> _What to work on_: Pictures in the data must not be copied, but everything else should be output exactly.

> _Input records_:
►

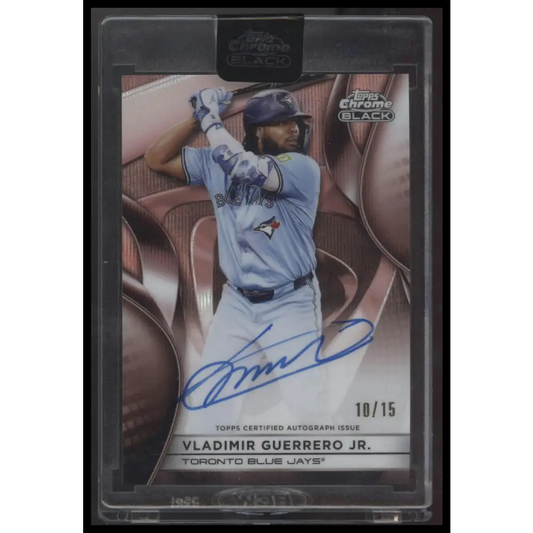 Vladimir Guerrero Jr. 2025 Topps Chrome Black Auto Rose Gold Wave Refr #/15 - Trading Card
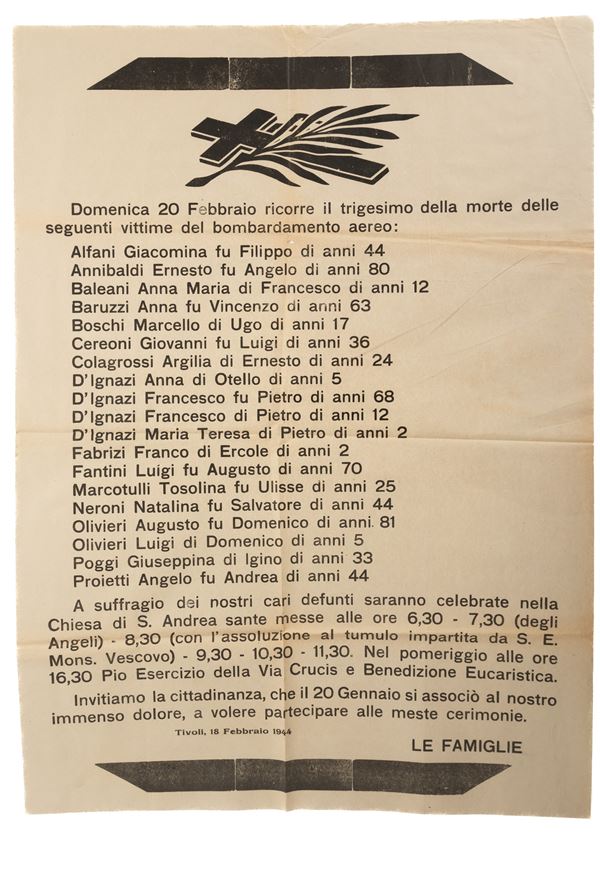 Manifesto listato a lutto datato Tivoli 18 febbraio 1944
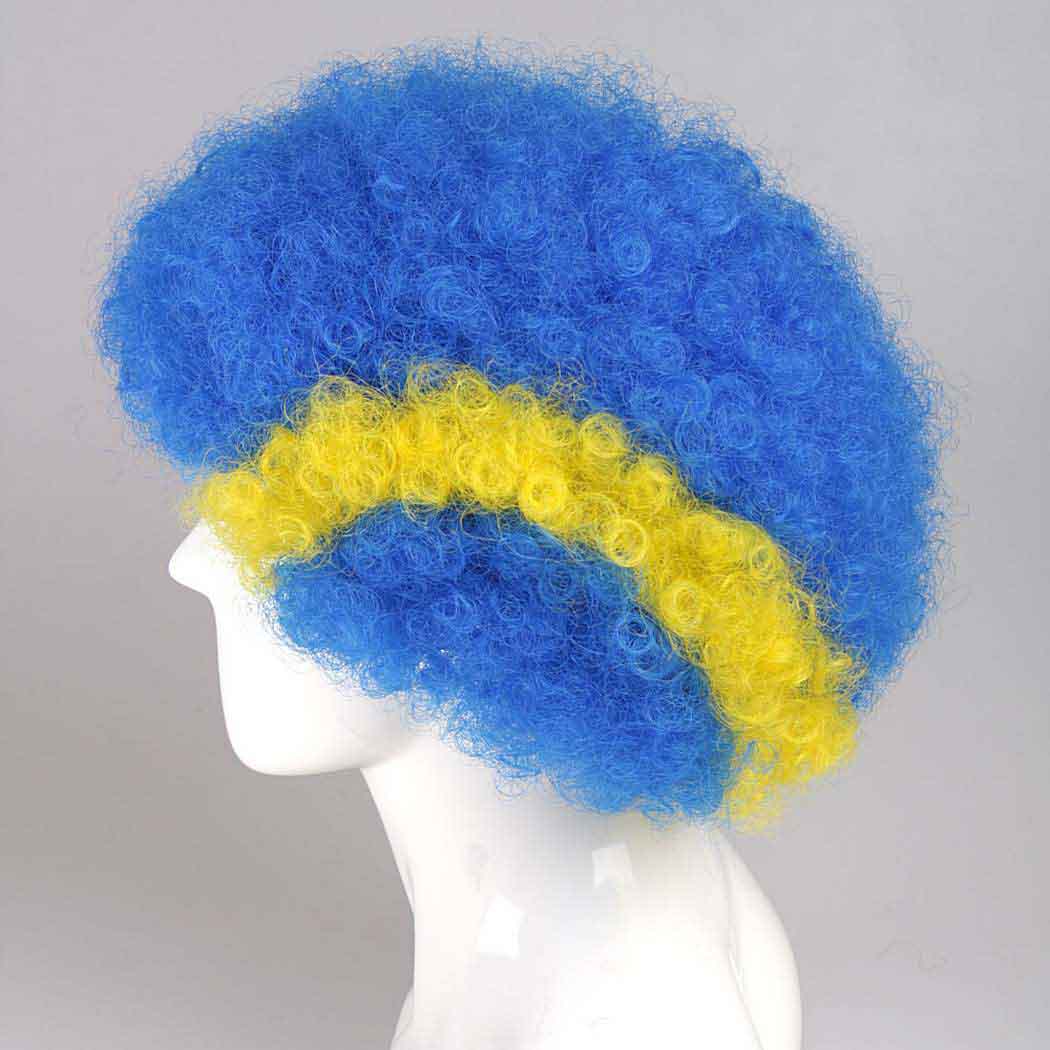 flagwigs, football wigs, fan wigs, afro wigs, mullet wigs, bob wigs, euro wigs,  premier league wigs,Leicester City Afro Wig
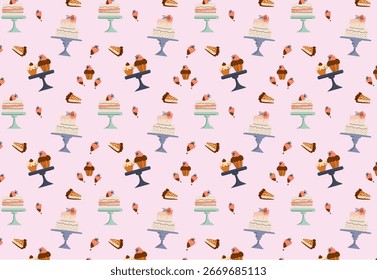 Seamless pattern with cakes and desserts. Cute cartoon vector hand drawn illustration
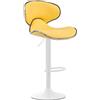 CLP Sgabello Design Cucina Las Vegas V2 In Similpelle Con Schienale I Sedia Alta Imbottita Girevole Regolabile 62-82 CM, Colore:giallo, Colore del telaio:bianco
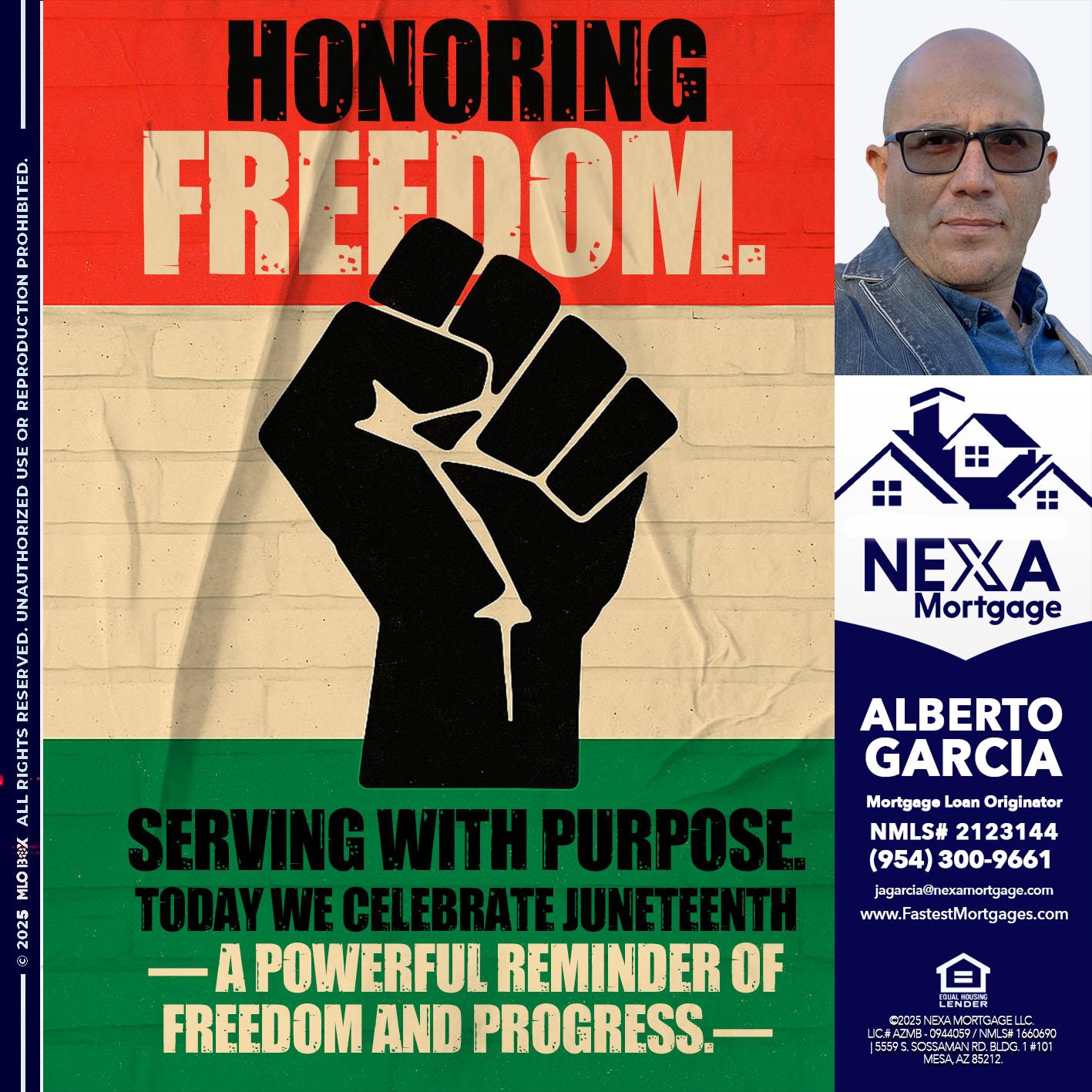 HONORING FREEDOM - Alberto Garcia -Mortgage Loan Originator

◄

> _Problem solution_:
 Vladimir Guerrero Jr. 2025 Topps Chrome Black Auto Rose Gold Wave Refr #/15 - Trading Card
 Manifesto listato a lutto datato Tivoli 18 febbraio 1944
 flagwigs, football wigs, fan wigs, afro wigs, mullet wigs, bob wigs, euro wigs,  premier league wigs,Leicester City Afro Wig
 Seamless pattern with cakes and desserts. Cute cartoon vector hand drawn illustration
 CLP Sgabello Design Cucina Las Vegas V2 In Similpelle Con Schienale I Sedia Alta Imbottita Girevole Regolabile 62-82 CM, Colore:giallo, Colore del telaio:bianco
 HONORING FREEDOM - Alberto Garcia -Mortgage Loan Originator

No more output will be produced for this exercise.